Le Conseil départemental de Loire-Atlantique a même été contraint de reporter le vote de son budget primitif 2024 pour peaufiner son bouclage.
"La chute soudaine et brutale des recettes soumises à la conjoncture économique impliquait de revoir la construction du budget primitif 2024" indiquait la collectivité en mars 2024 qui évoquait alors "un effondrement des recettes" tout en faisant face à une augmentation des dépenses sociales, principale poste de dépense des Départements.
"Cette chute des recettes est une crise sans précédent dans l’histoire du Département avec une perte de 86 millions d'euros des droits de mutation sur le seul exercice 2023, soit une chute de 21,35%. Et les prévisions pour 2024 ne sont pas réjouissantes", annonçait-on dans la collectivité de Loire-Atlantique qui a eu recours à l’emprunt et dû trouver 60 millions d’euros d’économies.
"Les enfants en danger, il faut bien qu’on les accompagne !"
Faire des économies. L’injonction qui terrifie tous les services. Pas simple quand le "coefficient de rigidité" dépasse les 80 %. Ce qu’on appelle coefficient de rigidité, ce sont toutes les dépenses incompressibles. Notamment le social dans les Départements.
"Les enfants en danger, il faut bien qu’on les accompagne !, souligne le vice-président chargé des finances du Maine-et-Loire. Il faut aussi accompagner les EHPAD ! Les collèges, on ne peut pas faire l’impasse !"
Des rentrées financières qui baissent, mais aussi des dépenses qui augmentent. A commencer par l’aide à l’enfance en danger qui nécessite de plus en plus de moyens. Les charges salariales qui ont aussi progressé avec l’augmentation du point d’indice des fonctionnaires.
L'idée d'un nouvel impôt départemental
On se tourne vers l’Etat, on aimerait bien qu’il prenne en charge la totalité du financement du RSA (il n’en finance qu’une partie actuellement).
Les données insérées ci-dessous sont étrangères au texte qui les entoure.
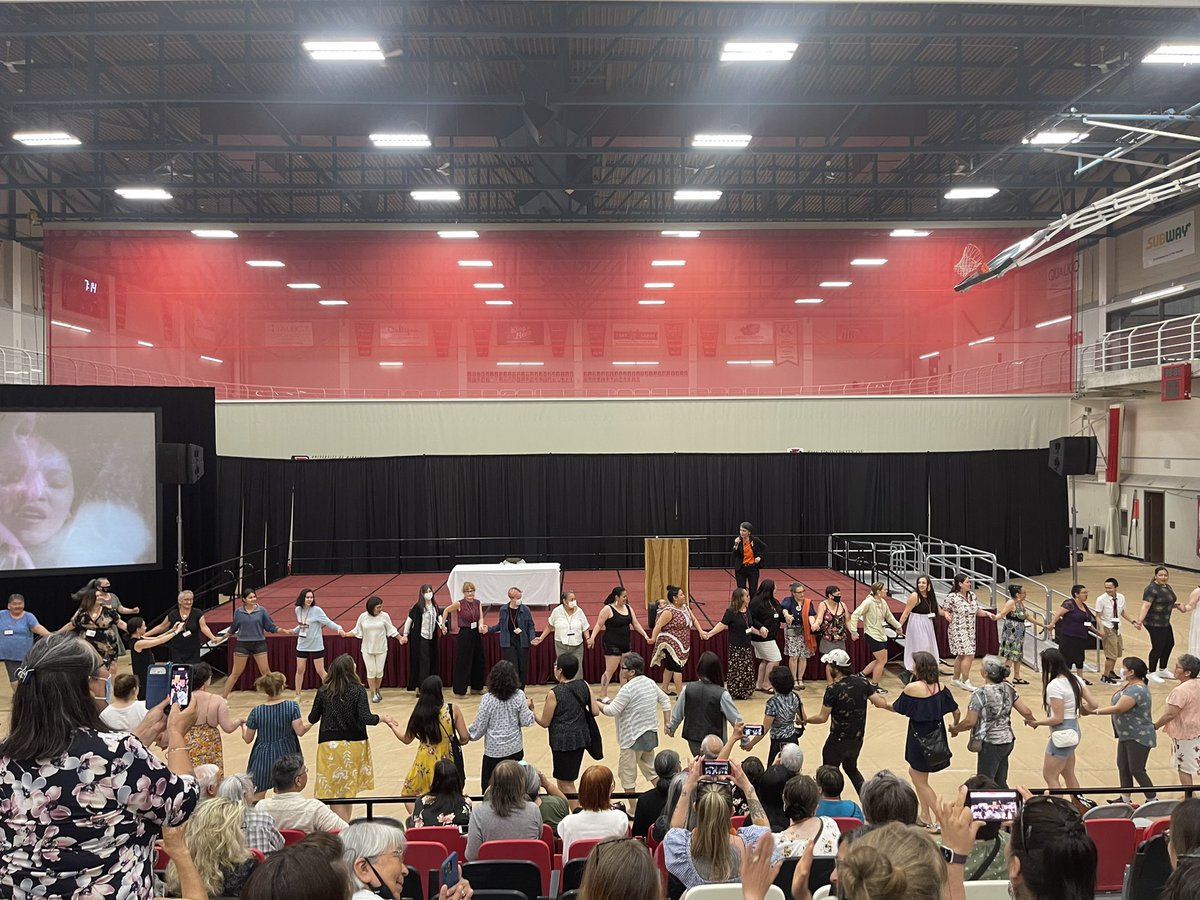 What a treat to start the #inuitstudiesconference2022 with <a href="/SusanAglukark/">Susan Aglukark</a> sharing her story and a few songs along the way.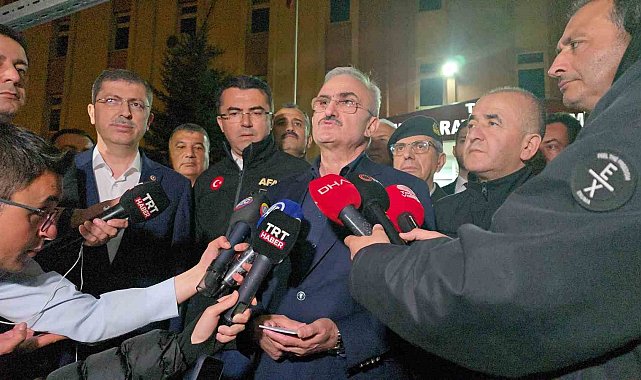 Bakan Yardımcısının basın açıklaması sırasında deprem oldu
Certains élus rêvent de pouvoir lever un impôt spécial "solidarité". Une mesure loin d'être populaire.
"On est dans un cercle infernal inquiétant", prévient Philippe Chalopin.
Si on avait notre DMTO qui repartait, on serait nettement mieux.
Philippe ChalopinVice-président du Conseil départemental du Maine-et-Loire en charge des finances
Et comme si la situation n’était pas suffisamment angoissante, la dissolution de l’Assemblée Nationale et les tergiversations pour former un nouveau gouvernement contribuent à inquiéter les marchés et à maintenir celui de l’immobilier dans son apathie.
"On craint que l'Etat ne fasse porter sur d'autres le caractère dispendieux de sa gestion depuis plusieurs années" ajoute Dominique Le Méner, Président Les Républicains du Conseil départemental de la Sarthe, collectivité qui a perdu 10 millions de rentrées financières en un an et qui s'inquiète des volontés d'économie de l'Etat, Sera-t-il tenté de baisser les dotations qu'il concède aux départements ?
Là aussi, ce qui a été mis de côté les années précédentes va vite s'assécher. "On espère une reprise de l'immobilier, mais il faudra qu'elle soit conséquente", ajoute Dominique Le Méner.
"Le prix du mètre carré dans la Sarthe est un des moins élevés de France" tient-il à préciser.
Des lignes de dépenses plus en danger que d'autres
Mais alors, sur quel levier agir ? "On a demandé aux services de revoir leurs projections de dépenses au plus serré", avoue Philippe Chalopin.
Et parmi les actions qu’on pourrait dire "non prioritaires" des Départements, il y a le sport, la culture et l’environnement.
On peut donc en déduire que ces trois secteurs vont passer de prochains exercices budgétaires difficiles.